Question

Assume that a standard deck of 52 playing cards is randomly shuffled (13 cards of 4 types of suits - clubs, diamonds, hearts, and spades). If Alex draws a card from it 4 times with replacement, how many different combinations of suits can he get? (Suppose we further assume that the order doesn't matter: (clubs, diamonds, hearts, hearts) is equal to (hearts, clubs, diamonds, hearts). However, (clubs, diamonds, hearts, hearts) is different with (hearts, clubs, clubs, hearts).)

Answer 1

Alex has to draw 4 cards with replacement.

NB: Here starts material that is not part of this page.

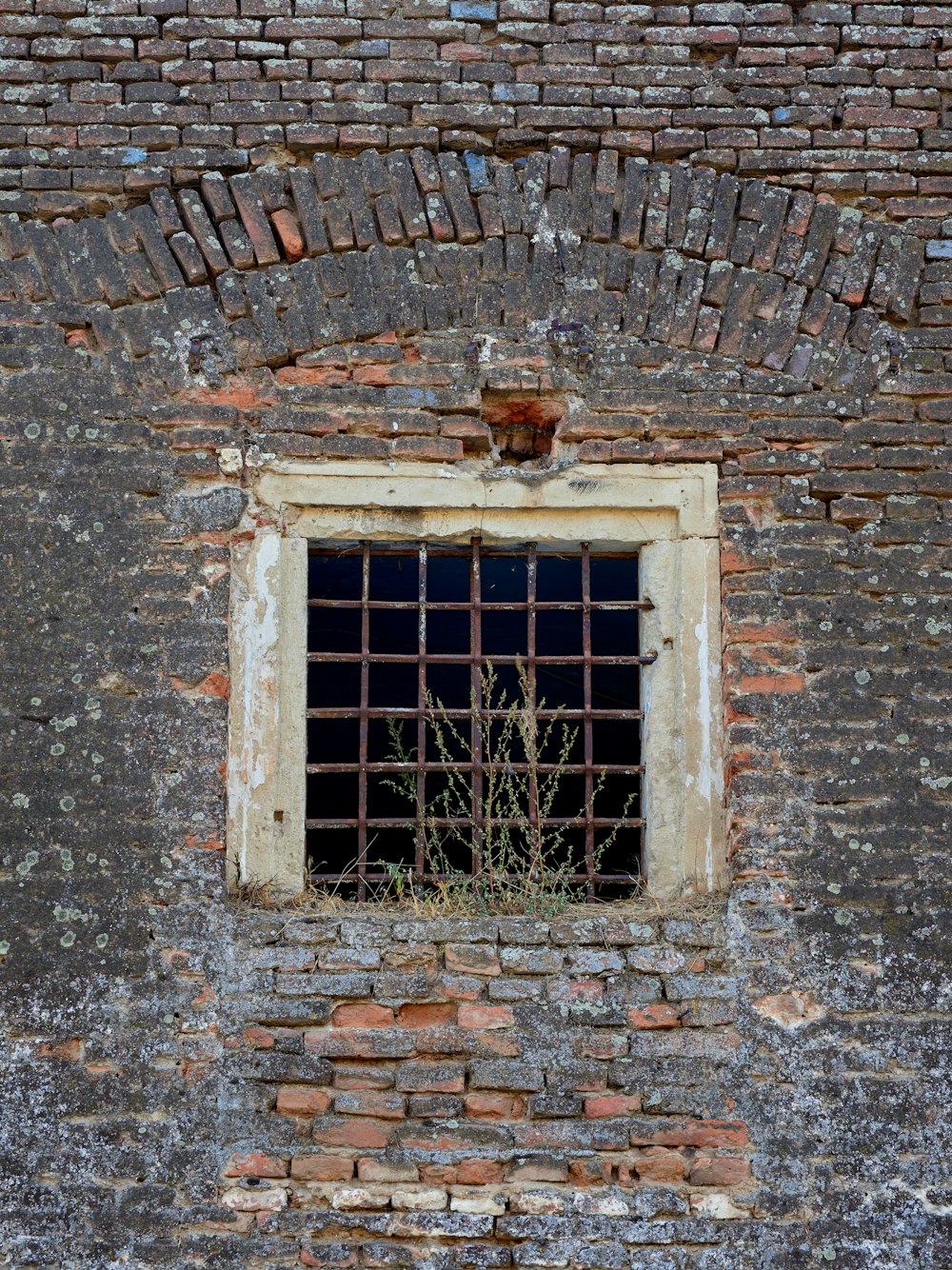 a brick wall with a window and bars on it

So, on each possible draw 4 possible suit outcomes exist.
If order matters, then
For each draw we have 4 possible suit outcomes, so total number of different outcomes:
4 x 4 x 4 x 4 = 4⁴ = 256

Since the order doesn't matter, we divide the problem into following cases of outcome category:

Case 1: All different
No. of ways: 1 (Spades, Diamonds, Clubs, Hearts) in any order

Case 2: 3 same, 1 different
No. of ways:
Pick 1st suit (out of 4 which will be drawn 3 times) in  ⁴C₁ = 4
Pick 2nd suit out of the 3 left in 3 ways
No. of ways = 4 x 3 = 12

Case 3: 2 of one kind, 2 of another kind
Pick 1st suit (which will be drawn 2 times) in ⁴C₁ = 4 ways
Pick 2nd suit (which will also be drawn 2 times) in ³C₁ = 3 ways
No. of ways = 4 x 3 = 12
But this 12 will contain (Spades, Spades, Diamonds, Diamonds) and (Diamonds, Diamonds, Spades, Spades) both. Since the order doesn't matter, total no. of ways = 12/2 = 6

Case 4: All of one kind
No. of ways: 4 (all Spades, all Diamonds, all Hearts or all Clubs)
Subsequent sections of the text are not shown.